Go Back To The Monsters
October, the fall season, the beginning of Halloween. Have a crazy idea about publishing not just one newsletter, but a few. Post some of my work I did during past Halloween seasons, and write about it. Will see what happens, but let’s start with this one.
I have written about this piece before, but maybe will dig a little bit deeper this time…or maybe I am repeating myself, but who cares. Just write.

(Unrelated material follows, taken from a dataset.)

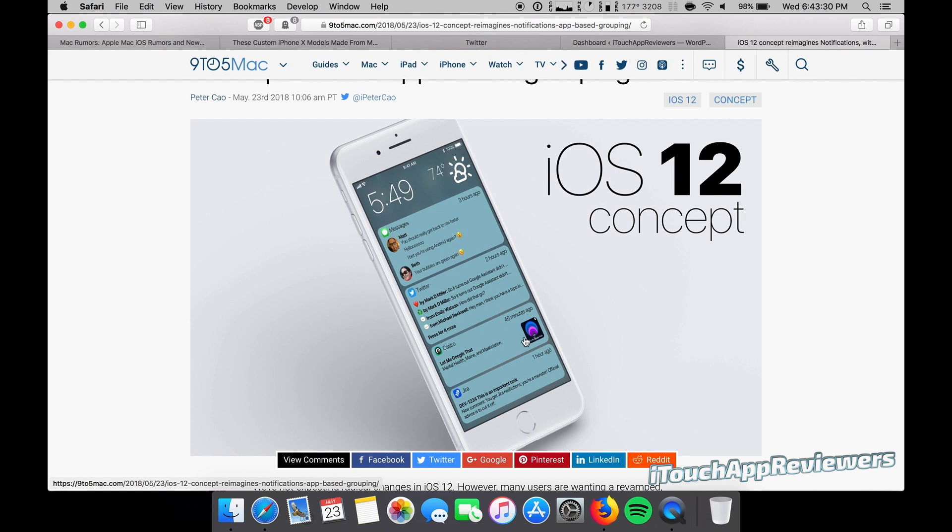But I don't think iOS 12 is going to be a huge redesign overall because Apple did state, well, it's a rumor, but they stated supposedly internally that they are going to focus on bug fixes rather than new things this year or this time around because iOS 11 was so buggy. But we'll have to see.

It was, I think, in 2012. Yeh, that’s it. Was working up in Harlem on a job for a Halloween/Haunted House event. This was my contribution to the job. A backdrop piece to be used, a rendering of the great classic monsters from those great Universal horror films from the thirties and the forties. There was a roll of paper at the job site, where you could unroll it, cut off a piece, tape it on a door, and start drawing. Had a few reference shots of the famous monsters from Universal Films, the great classics such as Karloff as Frankenstein, as being one example. Those films are amazing, coming out of the 1930s and the 1940s, the sets, the lighting, the mood, probably German Expressionism seeping into the scenes, the tone, the atmosphere, the angle shots. Getting sidetracked, but if I remember correctly, you had the tilted/Dutch angle shots in Frankenstein, the laboratory scenes. In Dracula, those incredible long shots/interior scenes in the castle. I think it was Frazetta who said- and I am paraphrasing this off the top of my head, and I could be wrong about this quote- the films didn’t scare you…it was the atmosphere, the mood of those films that stuck with you, that’s what scared you. The look, the tone, not the blood or the gore, that, to my recollection, was not shown in those early horror classics.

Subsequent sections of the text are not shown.